## Exercise requirements
Please retype all of the records below word for word, leaving out any pictures.

Stored data:
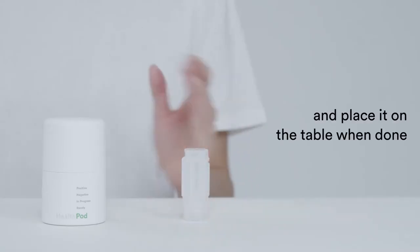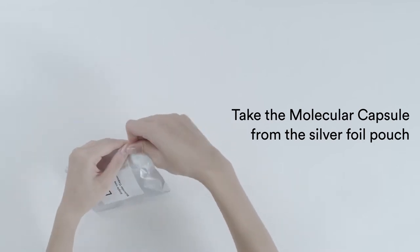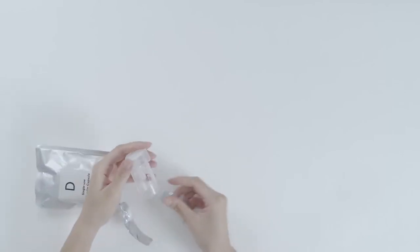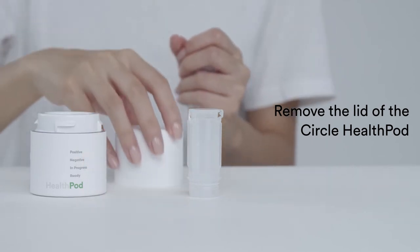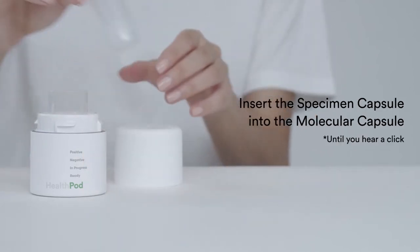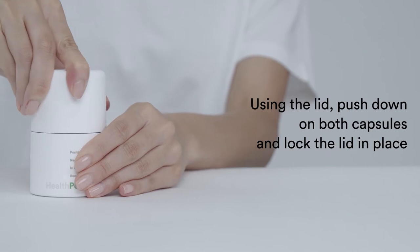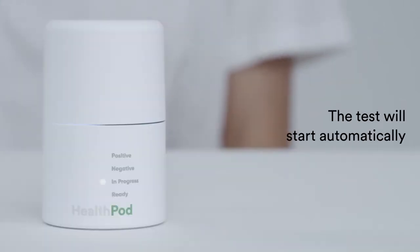Place it on the table when done. Take the molecular capsule from the silver foil pouch. Remove the lid off the Circle HealthPod and insert the molecular capsule in. Insert the specimen capsule into the molecular capsule until you hear a click. Using the lid, push down on both capsules and lock the lid in place. The test will start automatically.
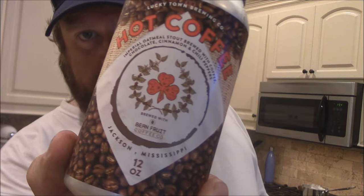They've been marinating in a buddy of mine's beer that he makes here. It's called Hot Coffee from Lucky Town Brewery here in Jackson, Mississippi. It's an imperial oak milk style brew with coffee, chocolate, cinnamons, and chili peppers. This stuff is fantastic.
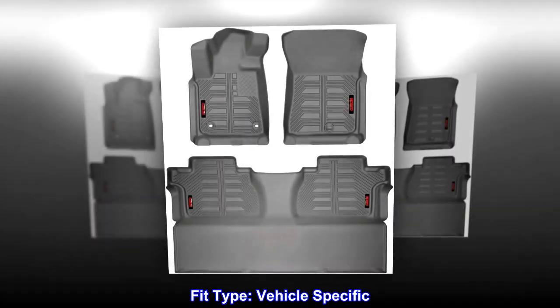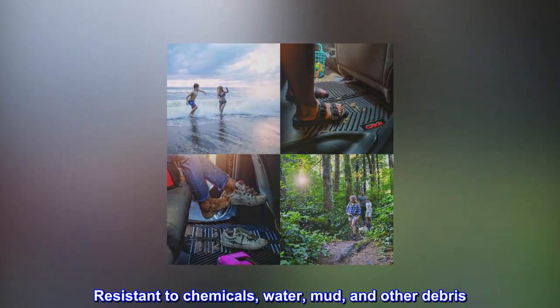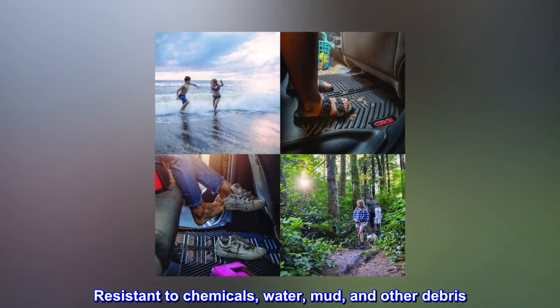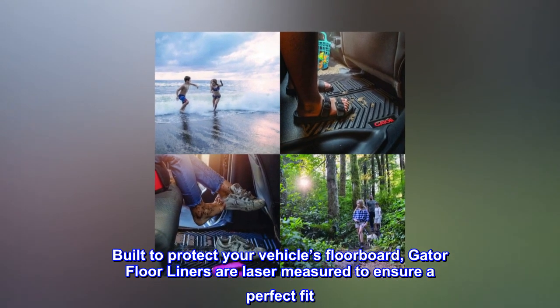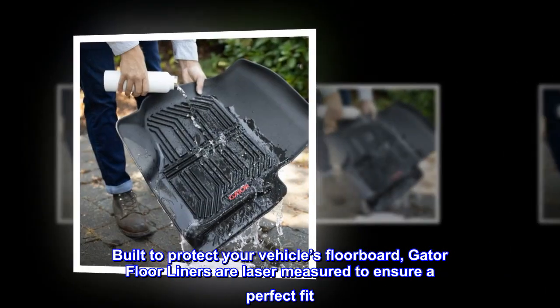Fit type: vehicle-specific. Resistant to chemicals, water, mud, and other debris. Built to protect your vehicle's floorboard, Gator floor liners are laser-measured to ensure a perfect fit.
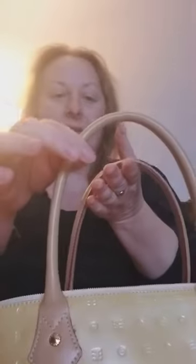Here we have an Arcadia made-in-Italy purse, fairly brand new. It's 13 inches wide, six inches deep by nine inches high, and it has a six-inch strap drop. It's a wide open compartment.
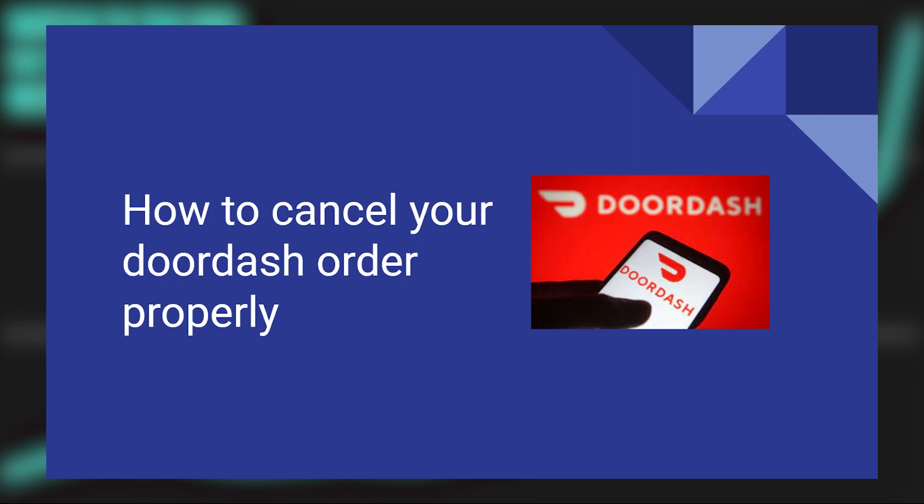Canceling your DoorDash order properly is very easy to do. Today I'm going to show you how to do it.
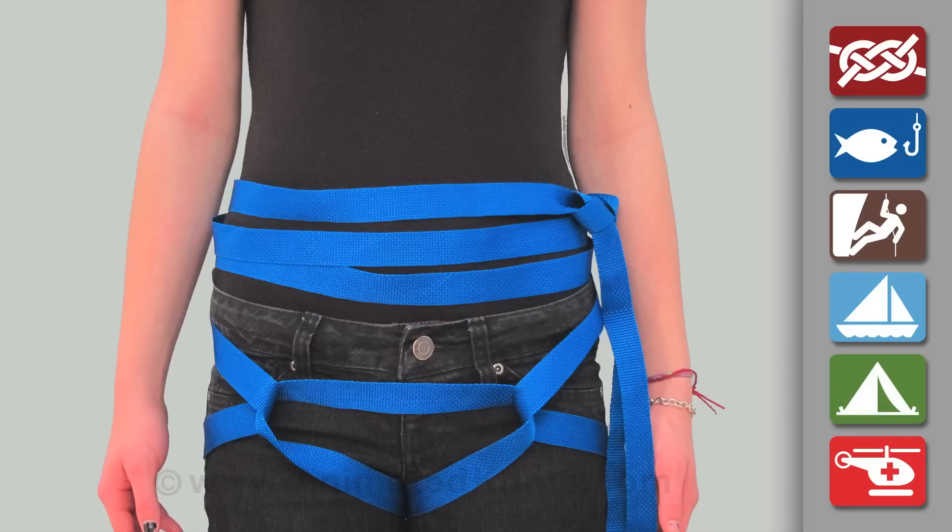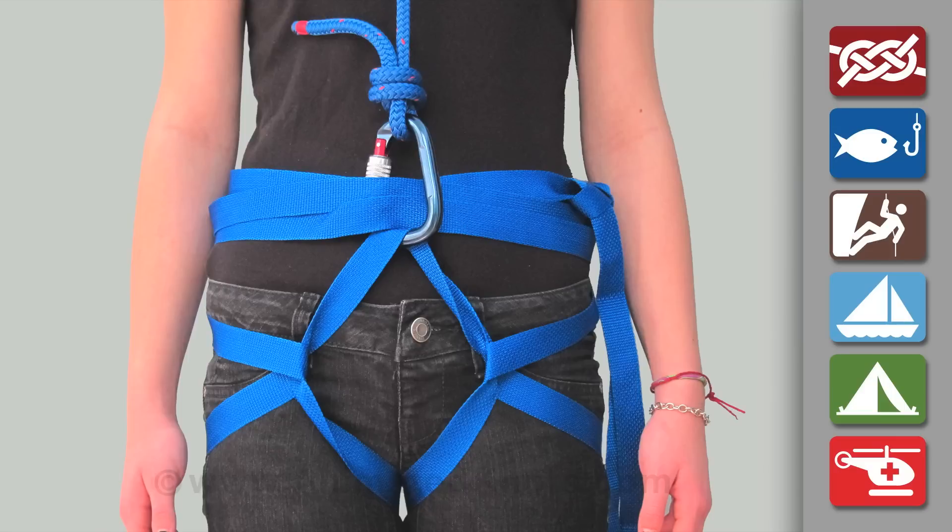Join the ends of the strap using a square knot — that's a reef knot — backed up with half hitches. For lifting, attach a carabiner through the loop and the turns around the waist.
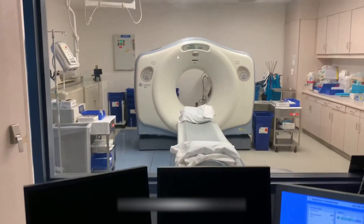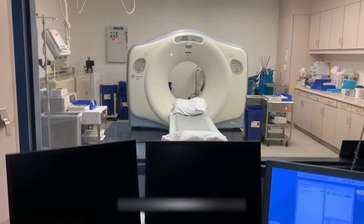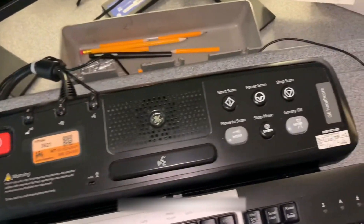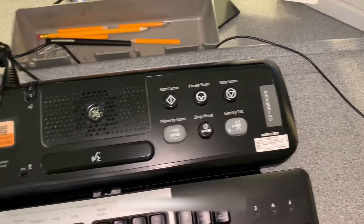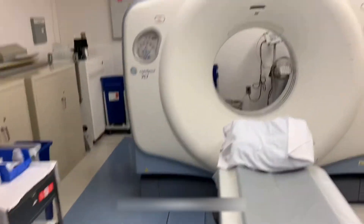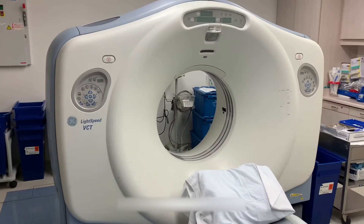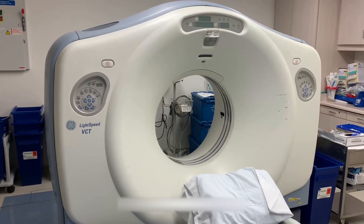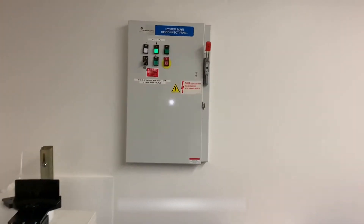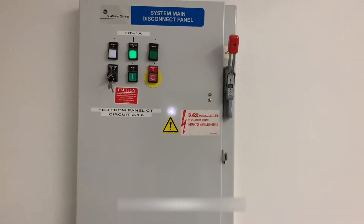Here we have a GE Lightspeed VCT with no visible indication of power in the gantry or the operator console. Check your A1 main disconnect panel for any power indications. Make sure your knife switch is in the upright position and press the start button.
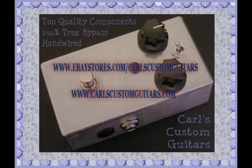Next up is the same pedal in the Fuzz Face mode. Not quite as much fuzz, but it's a lot more responsive. Cleans up well with your volume control. Definitely gets some nice overdrive tones out of it as well in this setting. Here we go.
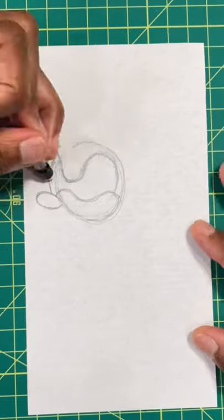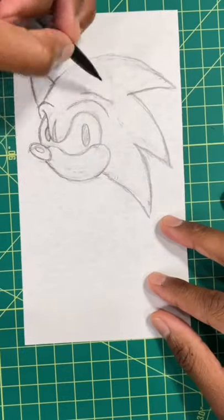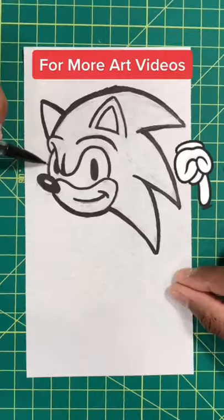Now we're going to draw his nose, his outer eyebrow. Next, we're going to start drawing in Sonic's spikes. After that, we're going to draw in his eyes. Next, we're going to draw in his ears, just like so. For our last step, we're going to draw in his smile, and then boom, you're all done.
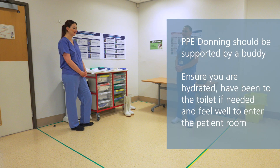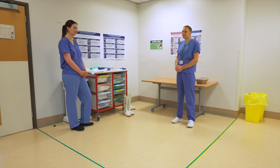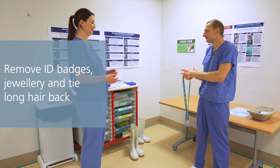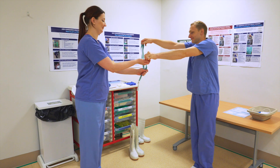PPE donning should be supported by a buddy who checks the fit and integrity of the PPE. Before donning PPE, ensure you are hydrated, have been to the toilet if needed, and feel well enough to enter the patient room. Remove ID badges, jewellery, and tie long hair back. Wash hands and cover any cuts with a waterproof dressing.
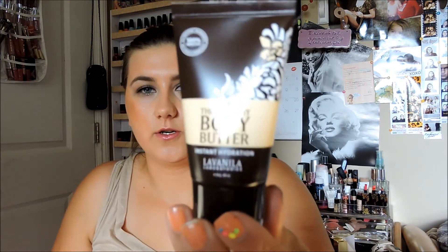Next one is the Healthy Body Butter, and this one is 0.85 ounces — it's like a little travel size. We'll see how it works. It smells okay but it feels like the container is half empty. Let's see how it feels. It's really light and it smells nice, so so far I like it.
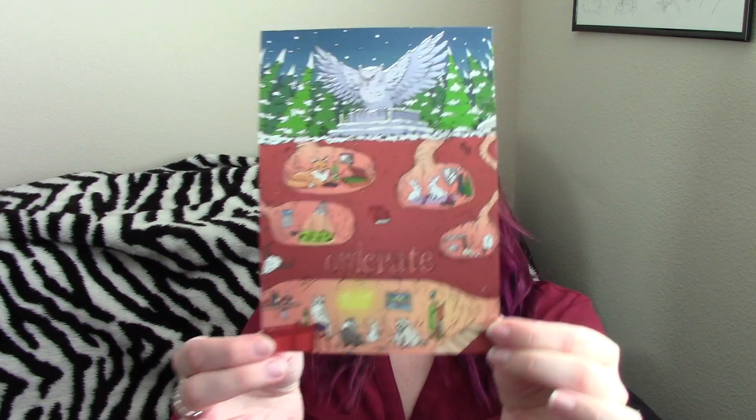Starting with Owlcrate, I'm really excited for this because I could not figure out what the book was. It ended up being a book that I really wanted to buy and hadn't bought yet, so it worked out really well. This is the Hidden Worlds box, and here's their little info card with a cute illustration on the front and all the item information on the back.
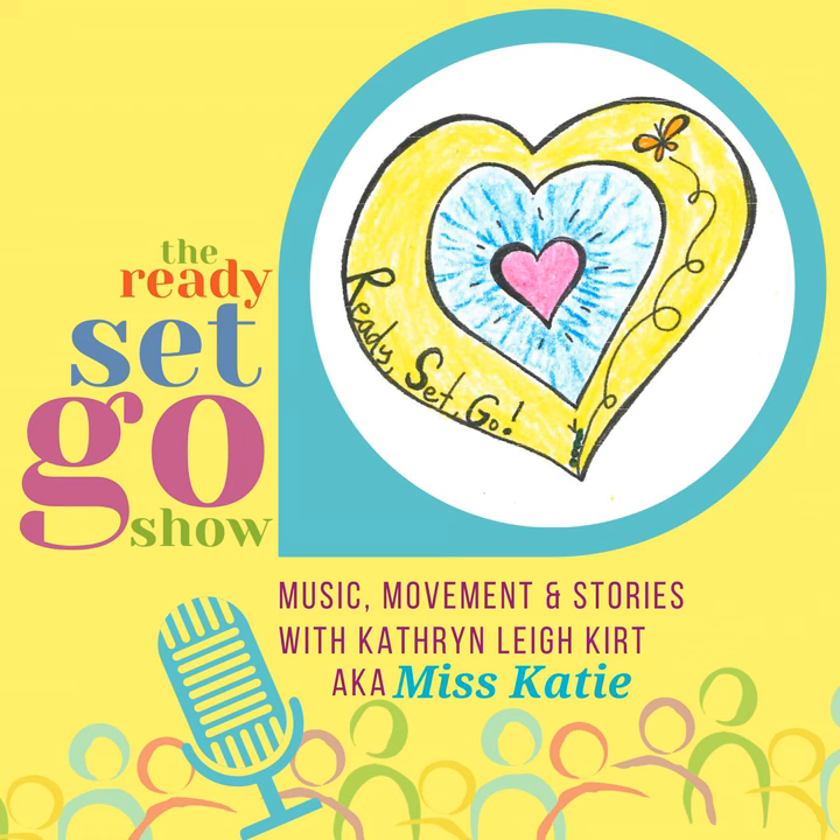Thank you so much for joining us today on the Ready, Set, Go show. I hope you have a lot of fun no matter whether it's sunny or rainy where you live today. Thank you for being here. Thank you for being you. Thank you for doing all the things that you do. Until the next time, hope you have a lot of fun. Remember to be kind to everyone. Bye-bye. The Ready, Set, Go show is part of the Possibilities podcast platform. See you next time.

## Output of the exercise
Place it on the table when done. Take the molecular capsule from the silver foil pouch. Remove the lid off the Circle HealthPod and insert the molecular capsule in. Insert the specimen capsule into the molecular capsule until you hear a click. Using the lid, push down on both capsules and lock the lid in place. The test will start automatically.
They've been marinating in a buddy of mine's beer that he makes here. It's called Hot Coffee from Lucky Town Brewery here in Jackson, Mississippi. It's an imperial oak milk style brew with coffee, chocolate, cinnamons, and chili peppers. This stuff is fantastic.
Fit type: vehicle-specific. Resistant to chemicals, water, mud, and other debris. Built to protect your vehicle's floorboard, Gator floor liners are laser-measured to ensure a perfect fit.
Here we have an Arcadia made-in-Italy purse, fairly brand new. It's 13 inches wide, six inches deep by nine inches high, and it has a six-inch strap drop. It's a wide open compartment.
Canceling your DoorDash order properly is very easy to do. Today I'm going to show you how to do it.
Join the ends of the strap using a square knot — that's a reef knot — backed up with half hitches. For lifting, attach a carabiner through the loop and the turns around the waist.
Here we have a GE Lightspeed VCT with no visible indication of power in the gantry or the operator console. Check your A1 main disconnect panel for any power indications. Make sure your knife switch is in the upright position and press the start button.
Next up is the same pedal in the Fuzz Face mode. Not quite as much fuzz, but it's a lot more responsive. Cleans up well with your volume control. Definitely gets some nice overdrive tones out of it as well in this setting. Here we go.
Now we're going to draw his nose, his outer eyebrow. Next, we're going to start drawing in Sonic's spikes. After that, we're going to draw in his eyes. Next, we're going to draw in his ears, just like so. For our last step, we're going to draw in his smile, and then boom, you're all done.
PPE donning should be supported by a buddy who checks the fit and integrity of the PPE. Before donning PPE, ensure you are hydrated, have been to the toilet if needed, and feel well enough to enter the patient room. Remove ID badges, jewellery, and tie long hair back. Wash hands and cover any cuts with a waterproof dressing.
Next one is the Healthy Body Butter, and this one is 0.85 ounces — it's like a little travel size. We'll see how it works. It smells okay but it feels like the container is half empty. Let's see how it feels. It's really light and it smells nice, so so far I like it.
Starting with Owlcrate, I'm really excited for this because I could not figure out what the book was. It ended up being a book that I really wanted to buy and hadn't bought yet, so it worked out really well. This is the Hidden Worlds box, and here's their little info card with a cute illustration on the front and all the item information on the back.
Thank you so much for joining us today on the Ready, Set, Go show. I hope you have a lot of fun no matter whether it's sunny or rainy where you live today. Thank you for being here. Thank you for being you. Thank you for doing all the things that you do. Until the next time, hope you have a lot of fun. Remember to be kind to everyone. Bye-bye. The Ready, Set, Go show is part of the Possibilities podcast platform. See you next time.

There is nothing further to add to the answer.